Mice used in this experiment were initially screened by placing each animal on a hot plate set at 55°C±1°C. Animals that failed to lick the hind paw or jump (nociceptive responses) within 15 sec were discarded. Eligible animals were divided into six groups (n=5) and pretreatment reaction time for each mouse was determined. Mice in the different groups were then treated with vehicle, xanthone (10 or 20 mg/kg), morphine (1 mg/kg, i.p.), naloxone and morphine (NLX+morphine; 0.4 and 1 mg/kg, respectively), or naloxone and xanthone (NLX+xanthone; 0.4 and 20 mg/kg, respectively). Sixty minutes after oral and 30 min after subcutaneous administration, the reaction time of the animals was again recorded. The reaction time (licking of paw, jumping, and shaking) was measured at 0, 30, 60, and 90 min after the administration of the drugs.

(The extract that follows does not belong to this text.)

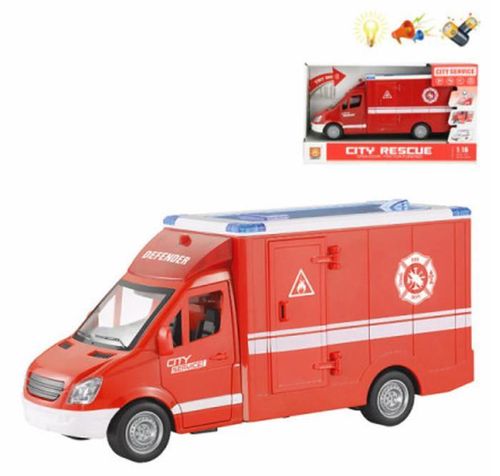 купить Машина Wenyi 200817853 Машина инерционная (WY597B) в Кишинёве 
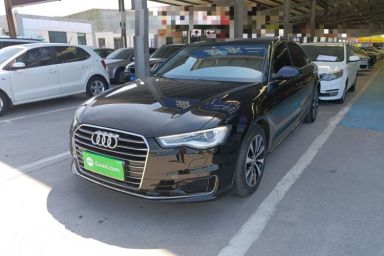 Used Audi A6L 2017 30 FSI Technology Model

A post-treatment cut-off time of 40 sec was used.²¹

Anti-inflammatory activity

Carrageenan-induced paw edema

The rats were divided into four groups (n=8). The groups received vehicle, indomethacin, or xanthone (10 or 20 mg/kg). One hour after the oral administration of the different substances, carrageenan (1.0 mg/paw) was injected into the right hind paw of all the animals. The paw volume was measured up to the tibiotarsal articulation using a plethysmometer (model 7140; Ugo Basile, Comerio, Italy). The measurements were determined at 0 h (before carrageenan injection) and 1, 2, 3, and 4 h after the injection.²²

DPPH free radical-scavenging activity

One milliliter of ethanolic 0.02% DPPH was mixed in 4.0 mL of an ethanolic solution of the xanthone with different concentrations. After 30 min incubation in the dark at ambient temperature, the absorbance was measured at 517 nm. The controls contained all the reaction reagents except the xanthone or a positive control substance. The scavenging activity was estimated based on the percentage of DPPH radical scavenged using the following equation: Scavenging effect (%)=[(control absorbance−sample absorbance)/(control absorbance)]×100. The values are presented as the mean of triplicate analyses. The EC₅₀ value is the effective concentration that could scavenge 50% of the DPPH radicals. AA and BHT standard were used as positive controls.²³

Molecular modeling

All calculations, simulations, and computer applications were run on Unix CentOS 5.0. Ligands were constructed using Maestro 9.2 (Maestro, Version 9.2; Schrödinger, LLC, New York, NY, USA). The software LigPrep 2.5 (LigPrep, Version 2.5; Schrödinger, LLC) was used for the construction and preparation of the ligands involved in this studies. The crystallographic structures of cyclooxygenase 1 (COX-1) (Protein Data Bank [PDB] ID: 3N8X) and cyclooxygenase 2 (COX-2) (PDB ID: 3NT1) were obtained from the database PDB. Subsequently, the software Prime 3.0 (Prime, Version 3.0; Schrödinger, LLC) was used for the preparation of these enzymes, and the OPLS 2005 force field in the MacroModel 9.9 (MacroModel, Version 9.9; Schrödinger, LLC) was used for optimization. Studies of molecular docking between COX-1 and COX-2 and the ligands were performed using the program Induced Fit Docking (Induced Fit Docking, Version 9.9; Schrödinger, LLC]. All computer programs belong to the Schrödinger suite. Additionally, a molecular docking between COX-1 and COX-2 and indomethacin, a standard drug used in pharmacological and experimental evaluations, was performed.

Statistical analysis

The data obtained were analyzed using GraphPad software version 5.0 and expressed as the mean±SEM. Statistically significant differences between the groups were calculated with an analysis of variance followed by the Newman–Keuls test. P-values less than.05 were considered significant.

Results

Acute toxicity

2,8-dihydroxy-1,6-dimethoxyxanthone at doses of 0.5, 1.0, 1.5, 2.0, and 3.0 g/kg, p.o., given to mice was not toxic during the 48-h observation period after the administration. No mortality was observed during the monitoring period. The median lethal dose (LD₅₀) of the xanthone in mice was therefore estimated to be more than 3 g/kg, p.o.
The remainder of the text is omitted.